As one of the most influential designers in fashion, you’d expect Marc Jacobs to embrace a hyper-visual, trend-making platform like Instagram. But at Vogue’s Forces of Fashion panel this week, the industry veteran revealed his true—and less than friendly—feelings about the platform to none other than the app’s creator, Kevin Systrom.

Sitting before an elite audience, Jacobs vented his frustration about the popular app, and how it impacts his work as a designer. “I got really pissed off, to be honest,” Jacobs said of what it had done to fashion shows. “I was frustrated that you were offering a live experience that you worked on for months, only to have everybody holding up an iPad or a phone and not actually looking at the models as the walked down the runway or not actually experiencing something live.”

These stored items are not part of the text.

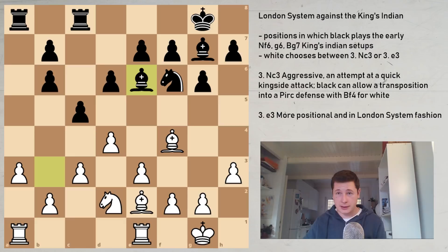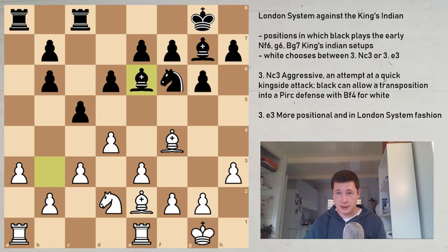To conclude: against King's Indian setups for Black, Nc3 or e3 is basically the choice between a tactical game or a positional middlegame or endgame with queens traded off. I would recommend playing Nc3 — it's just more active. I would recommend that you know both moves so you can adjust to your opponent, but one will probably be enough to play against the King's Indian. Thanks for watching — we've covered the second most common setup Black can play against the London System. Stay tuned for more chess!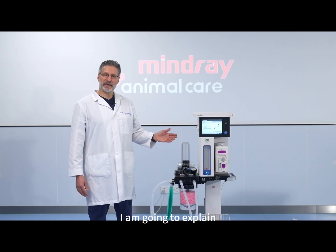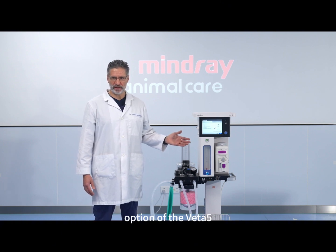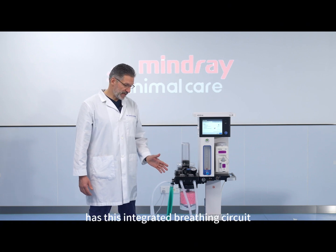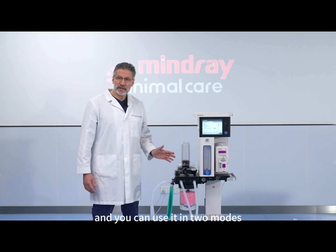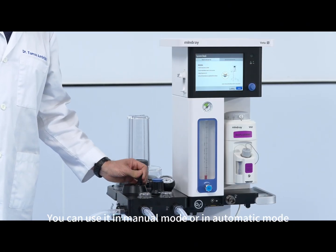In this video I'm going to explain how to use the automatic pressure testing option of the VETA 5. The VETA 5 has an integrated breathing circuit and you can use it in two modes: manual mode or automatic mode.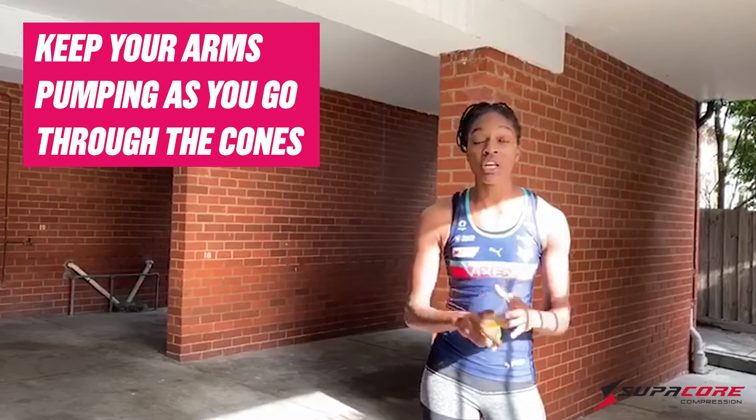I hope you enjoyed that one. Remember, keep your arms pumping while you go through the cones, eyes up, and also take your distance before your hands.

Jacob’s banned devices from his show last February. “At the show last season, I insisted that the audience put away their devices for seven minutes,” he said. “All I was asking was for everyone to spend seven minutes without an electronic thing attached to their arms.” It was a decision that raised a few eyebrows, but one that Jacobs still stands by. “It turned out well, and I think it’s important to keep playing with those things,” the designer told the audience. It’s a view backed up by research: when people walk around art museums taking pictures, they remember the details of the paintings less.

As technology continues to insert itself into our daily lives, designers, comedians and other creative types are taking charge by setting strict, but understandable boundaries, at their events. Comedian Dave Chapelle signed with Yondr, a company specializing in phone locking pouches, to prevent his audiences from leaking his material online. He later justified the decision to Jimmy Kimmel: “It became a thing where I’d walk on stage, I’d see a sea of cellphones,” he said. “I knew that anything in the room, I was saying to everybody, whether they were in the room or not, which is not an empowering feeling as a comedian.” Or, for Jacobs, as a designer.